In response to your article on raising the weir at the above location the whole issue of water supplies is more complex than just dealing with the weir.
Water supply in the CVRD feeds water to many areas through the public water supply/water mains. In those areas served by water supply infrastructure homeowners get the benefit of lower insurance rates to a perceived lowering of the fire risk where properties are protected.
New developments in certain areas not served by the existing water infrastructure have to either provide private water supplies or can offset fire risk by providing automatic sprinklers in each building. Depending on the available fire service response it may or may not justify the provision of fire hydrants.
While all distribution piping is fed from Lake Cowichan, some areas have to compensate by providing their own infrastructure.
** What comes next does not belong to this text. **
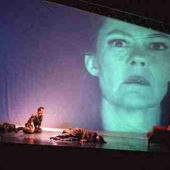 Die Walküre London 2004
Due to shortage of water and/or infrastructure in some areas- particularly where development is occurring on the boundaries of the municipality such as in Union Bay- more reliance is being placed on tank storage. For instance, we are using 5000- gallon tanks in lieu of mains-fed hydrants where infrastructure does not exist or where there are significant challenges connecting to the existing water supply system. This is an alternative approach to qualify homeowners for insurance rate reductions.
Pressures on the system are increasing due to climate change, long and dryer summers as well as other factors. However, there is a surfeit of water in the winter. While increasing the capacity of water in Lake Cowichan will mitigate the potential problem of continuity of the supply in summer, this is a short-term solution. The extended dry periods in the summer suggest that secondary storage may be required in the long term. This would mean pumping excess water in the winter into an adjoining valley. Mosaic are well -equipped to assess this option.
This supply would then be brought on stream to maintain the water levels constant rather reliance on a higher weir to improve storage capacity. The pumping capacity and valve controls required to bring a second supply on stream would be relatively conventional and all fully automatic. This would also reduce dependence of the Crofton Mill on the Lake Cowichan Lake level.